Everyone knew perectly well what a game-changer MGs and bolt-action rapid-firing magazine rifles were. The tail-end of the colonial wars showed that and the Russo-Japanese war cemented it.
>The tail-end of the colonial wars showed that and the Russo-Japanese war cemented it.
You would be correct but you have to remember that a lot of the top brass in the militaries are fucking old retards that hate change. For fucks sake the very start of WW1 you had British troops marching into battle in columns all because a lot of the old fucks still thought that's how you should fight. Hell look how the US were so fixed on staying with the M1 Garand even though it was showing its age during the Korean war.
>Everyone knew perectly well what a game-changer MGs and bolt-action rapid-firing magazine rifles were
You say that but in reality they didn't. British troops and even French troops were still trained to treat their bolt rifles that had magazines as single shot rifles, they weren't allowed to use their magazines unless they had permission from their superiors.
TLDR: Old people are fucking retarded and always fuck up things all because they hate change.
>the very start of WW1 you had British troops marching into battle in columns
Pretty sure we had that stuff knocked out of us in the Boer War if not before. Examples? It was the vaunted German army that got mown down in open order by rapid, accurate British rifle fire at Mons in 1914.
They were still doing cavalry charges in WW1 just to further prove your point as well. Anyone else know that story about some old fucking cavalry commander who still thought cavalry was relevant and some other soldier said calvary is pointless because of machine guns, some big argument of disagreement happened so that one soldier took a machine gun, filled it with blank rounds then shot at the amassed cavalry and was like "there you're all dead" to prove that in the face of overwhelming machine gun fire cavalry is fucking useless.

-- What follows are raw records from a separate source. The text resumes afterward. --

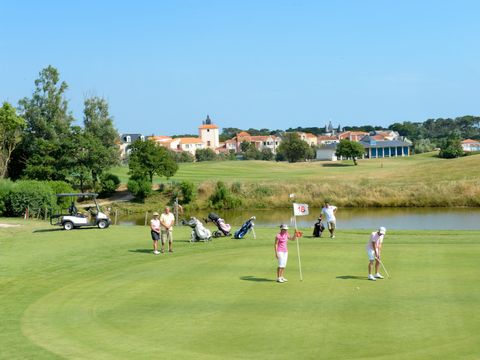 Pierre & Vacances Village Port-Bourgenay - Camping Vendée - Image N°21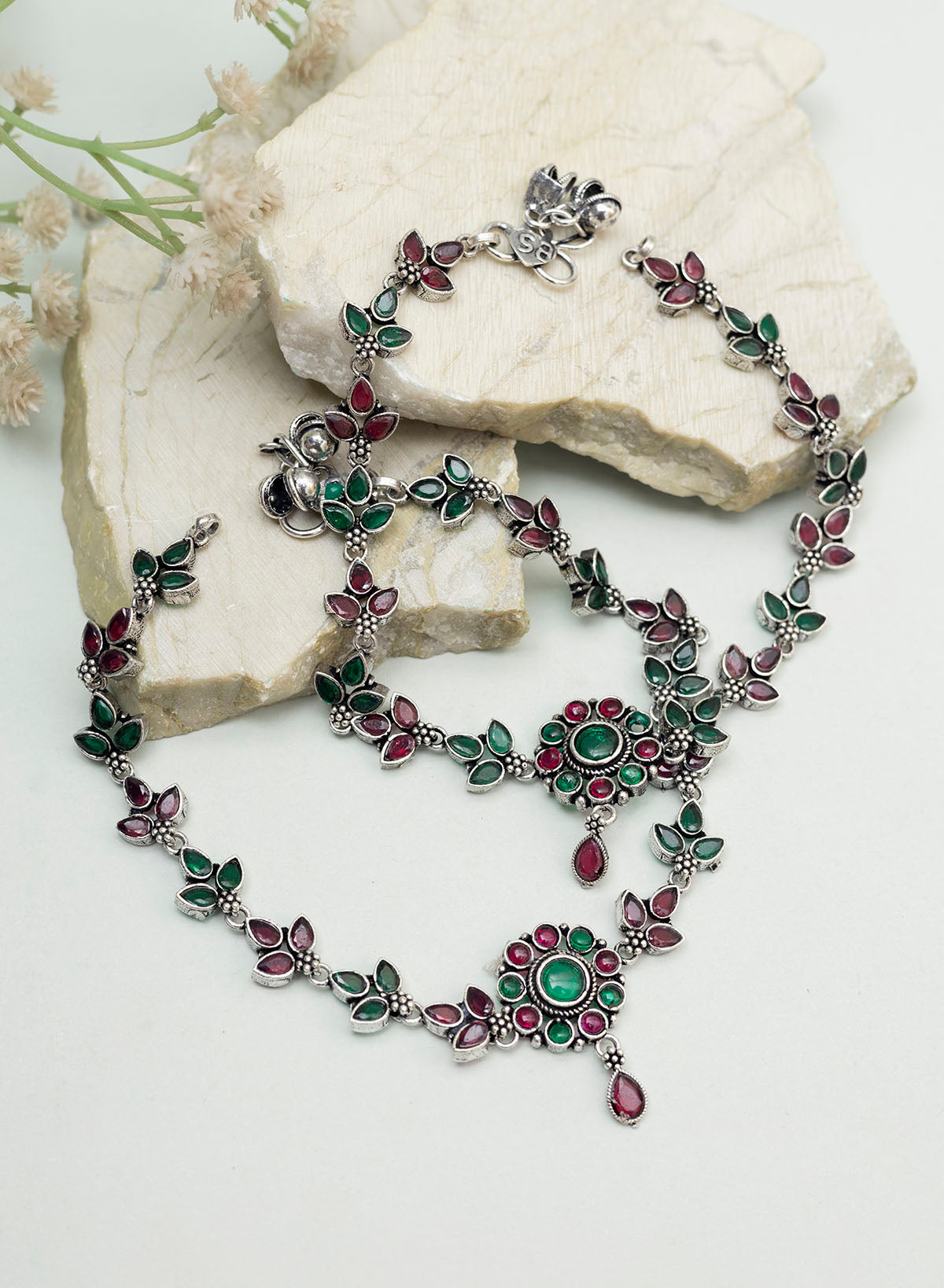 Binaa Anklet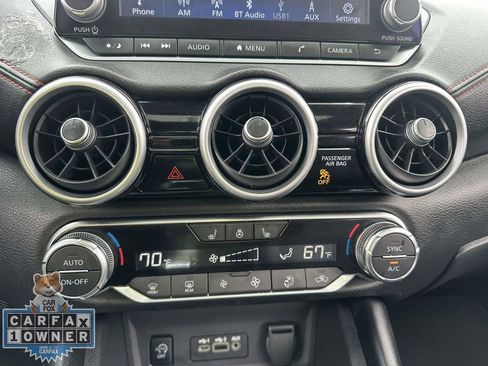 Used 2024 Nissan Sentra SR w/ SR Premium Package image 26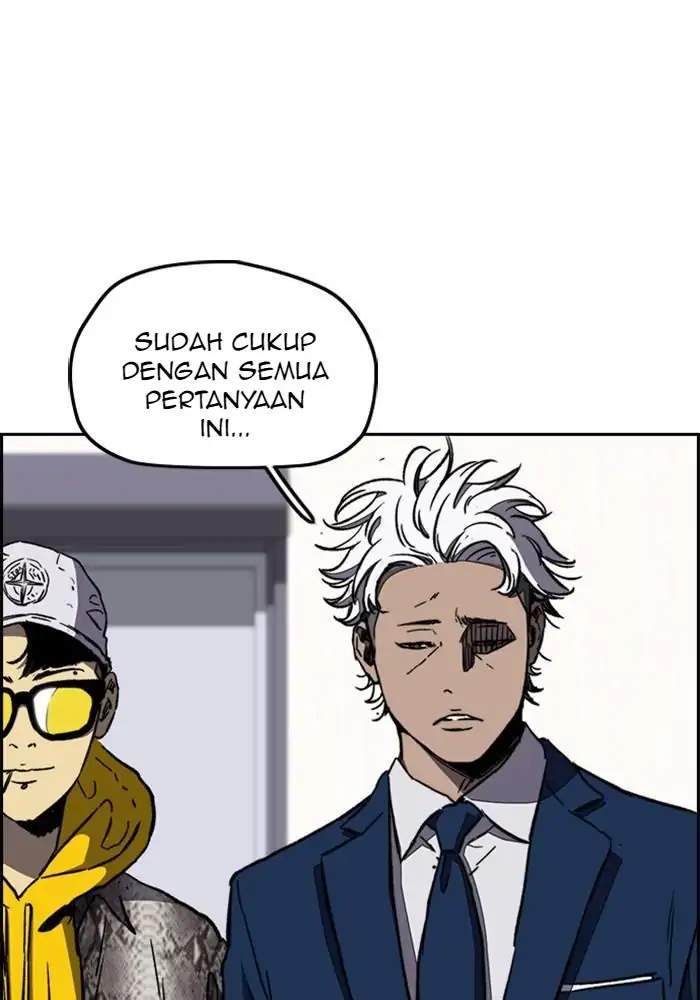 Wind Breaker Chapter 253 Gambar 93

Yes, some people realized the fact that MG's were game-changers. But the underlying point is that nobody knew how to counter them, or even how to most effectively deploy them yet. The *tactics* didn't exist yet, and were developed experimentally during the war. Walking fire was one such experiment.

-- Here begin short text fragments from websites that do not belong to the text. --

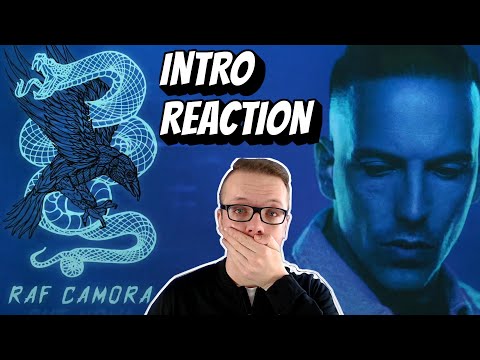 🔥❤️WAS EIN COMEBACK ! RAF Camora - Intro | Reaction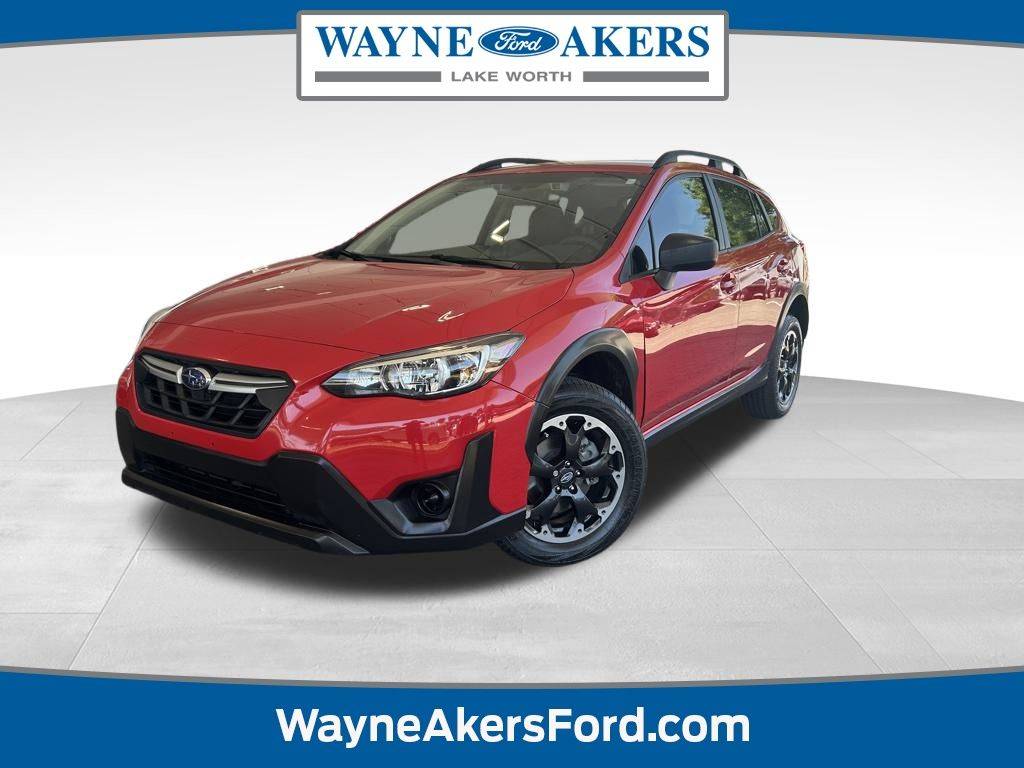 2021 Subaru Crosstrek 2.0i — SUV — 71,271 mi — Lake Worth, FL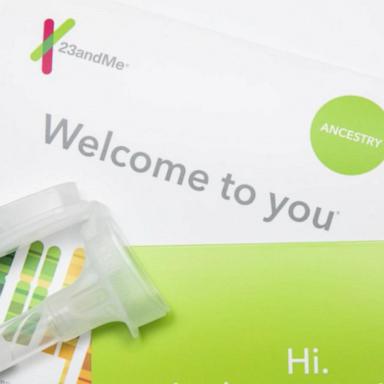 VIDEO: States sue to over sale of 23andMe genetic data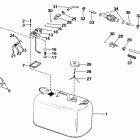E25RWEIM Fuel tank with gauge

>Walking fire was one such experiment.
they really should have asked some video game nerds to wargame better tactics
Found a pic
Knows the terms
refused to research
troll thread
>refused to research
He's setting up a discussion, not requesting the information. Whether walking fire worked or not is more a matter of opinion rather than fact if you ask me, since it's a retarded doctrine but the US actually won that war
>but the US actually won that war
>Did it ever actually work?
Real Walking Fire has never actually been tried.

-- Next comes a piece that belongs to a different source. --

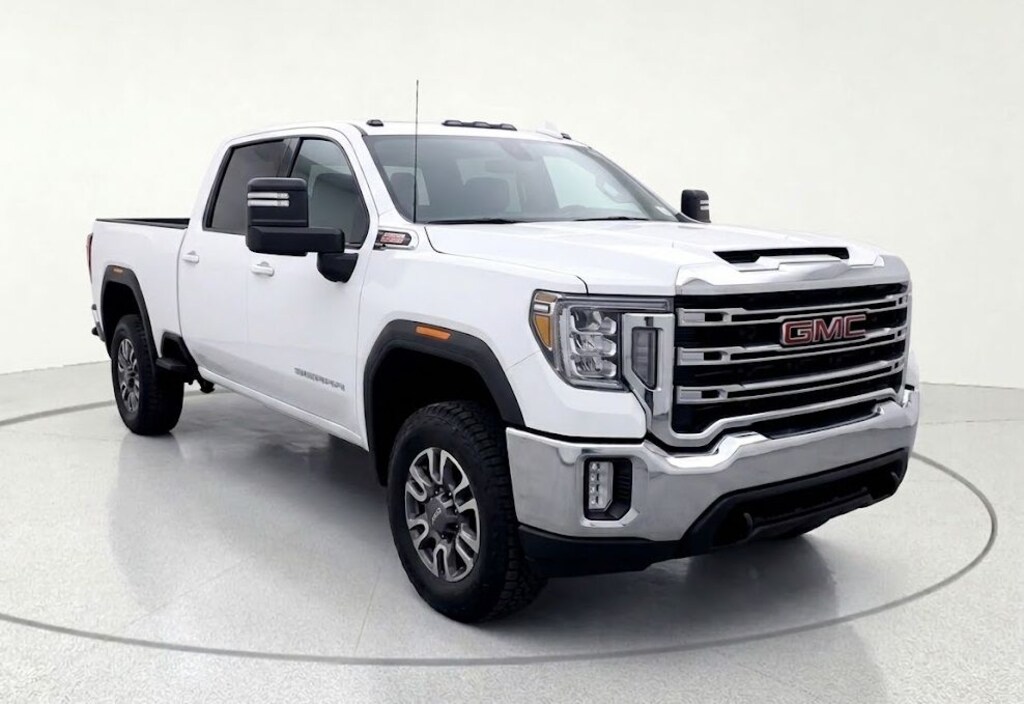Used 2022 GMC Sierra 3500 HD SLE Truck Crew Cab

The 20 round magazine of the BAR was a CIA plot to prevent disruption of the status quo. If the BAR was belt fed, or even if it had a larger magazine like the lewis gun then walking fire surely would have succeeded.
Fire-and-movement tactics are how to cross open ground. Walking slowly across in a line firing from the hip against an enemy in cover is the most fantastically stupid tactic ever devised.
Walking fire is awesome and it should be the doctrine today.